RENZIO - Há necessidade de resposta imediata e há questões de coordenação. É preciso preparação prévia. A pressão em gastar os fundos com rapidez pode levar a ineficiências. Há doadores que fixam prazos de seis meses. Avaliar a eficácia das ações também muda, com indicadores de curto prazo no caso de desastres e de médio-longo prazo para ajuda ao desenvolvimento. Seria importante ligar os dois.
FOLHA - Há estimativa de quanto da arrecadação se converte em ajuda a flagelados?
RENZIO - Difícil. Tenho visto números que variam de 5% a 50% dos fundos.
FOLHA - Qual o maior obstáculo ao bom uso dos fundos?

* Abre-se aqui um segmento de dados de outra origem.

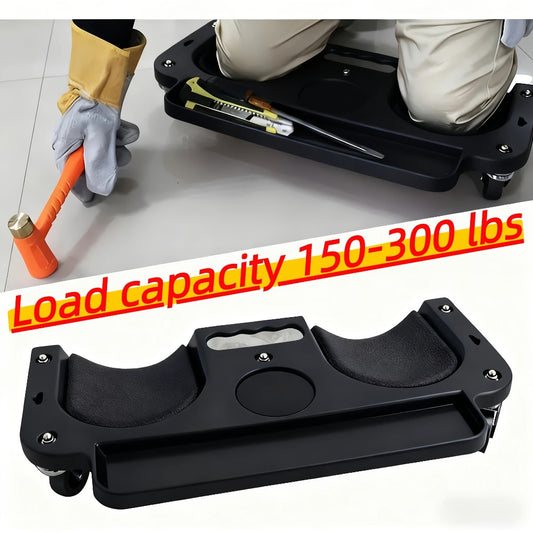 Rolling Knee Pad with Wheels & Built-In Tool Tray - Cushioned Kneeling Platform for Mechanics, Carpenters & Flooring Work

RENZIO - Falta de coordenação; falta de consideração da ligação com a fase de reconstrução; uso exclusivo de materiais importados. Por exemplo, não se pode fazer abrigos temporários e se esquecer que será preciso reconstruir as moradias quando o foco da mídia mudar e as doações sumirem.
FOLHA - No Haiti, onde a governança é quase nula, qual o caminho para aplicar a verba?
RENZIO - O Haiti é um caso especial, pois já considerava a infraestrutura do governo fraca e ela foi destruída, o epicentro foi na capital. É diferente do que houve na Indonésia ou no Peru. Por isso, canais paralelos são obrigatórios. O problema é coordenar.
FOLHA - A ONU diz que a arrecadação é transparente. Mas não monitora a aplicação.
RENZIO - Isso é um problema mais geral do sistema da ajuda internacional. Sabe-se quanto se quer gastar, menos sobre o que foi gasto e quase nada sobre como foi gasto.
Fonte: Folha de São Paulo, 18/01/2010.